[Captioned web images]
________________

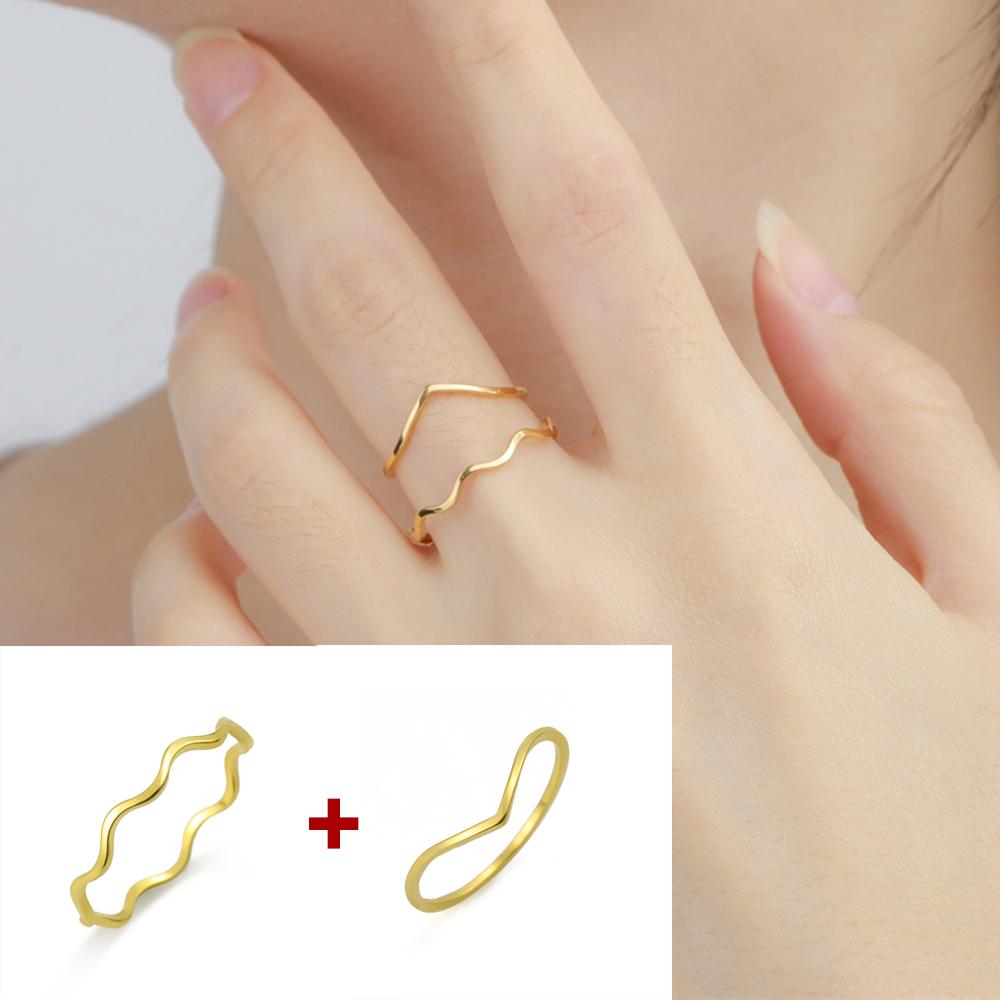 

Minimalist Stackable Wave Rings for Women Geometric Finger Ring Stainless Steel Golden Jewelry Thin Rings Set Daily Party Wear 7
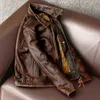 남자의 가죽 가짜 스타일 정품 재킷 빈티지 갈색 소 가이드 코트 남자 슬림 패션 바이커 아시아 크기 6xl 공장 드롭 231207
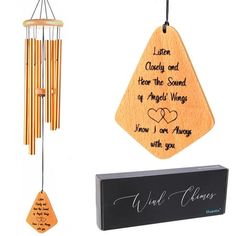 wooden wind chime with personal message and box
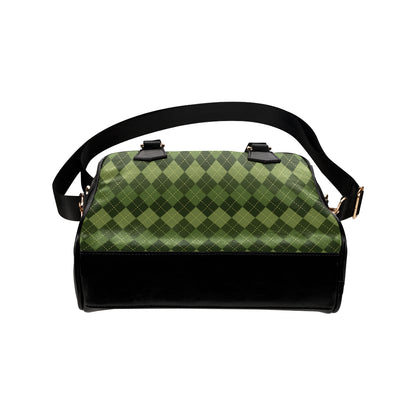 Argyle Green Pattern Print Design 01 Shoulder Handbag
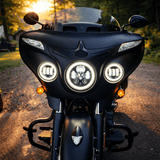 Eagle Lights 7" LED Headlight and 4.5" LED Passing Light Kit with Halo Rings for Harley-Davidson® & Indian® Motorcycles - Generation III / Black / Halo Ring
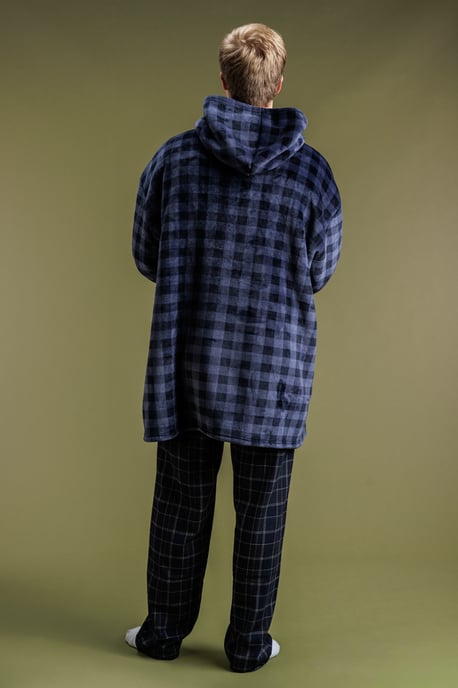 Navy Check Print Oversized Hoodie Blanket - Image 2
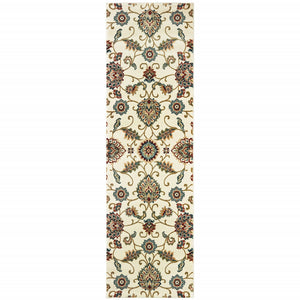 Homeroots 2' X 8' Ivory Floral Power Loom Stain Resistant Runner Rug Ivory,Multi Polypropylene 509093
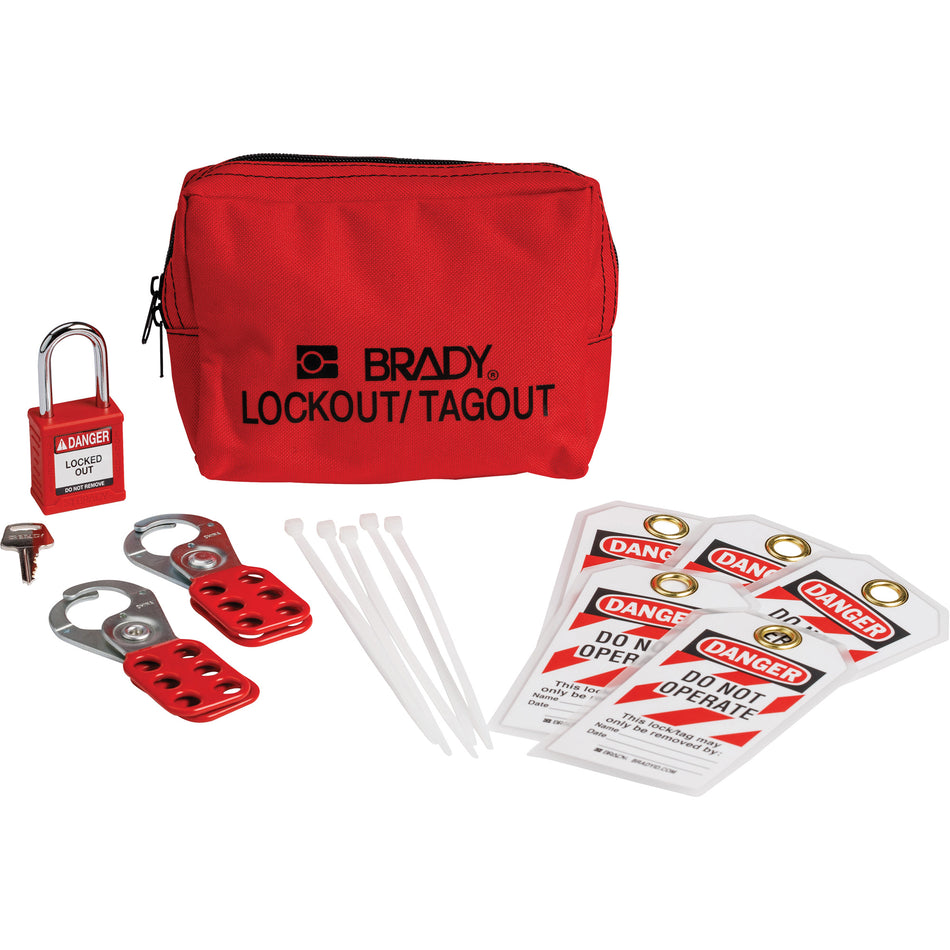 Lockout Tagout Kit with Nylon Safety Padlock in Pouch - SHB334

________________

# What the task requires
Your task is to copy the entries in full and exactly, without any images.

# Result for this exercise
Minimalist Stackable Wave Rings for Women Geometric Finger Ring Stainless Steel Golden Jewelry Thin Rings Set Daily Party Wear 7
 남자의 가죽 가짜 스타일 정품 재킷 빈티지 갈색 소 가이드 코트 남자 슬림 패션 바이커 아시아 크기 6xl 공장 드롭 231207
 wooden wind chime with personal message and box
 Argyle Green Pattern Print Design 01 Shoulder Handbag
 Eagle Lights 7" LED Headlight and 4.5" LED Passing Light Kit with Halo Rings for Harley-Davidson® & Indian® Motorcycles - Generation III / Black / Halo Ring
 Navy Check Print Oversized Hoodie Blanket - Image 2
 Homeroots 2' X 8' Ivory Floral Power Loom Stain Resistant Runner Rug Ivory,Multi Polypropylene 509093
 Lockout Tagout Kit with Nylon Safety Padlock in Pouch - SHB334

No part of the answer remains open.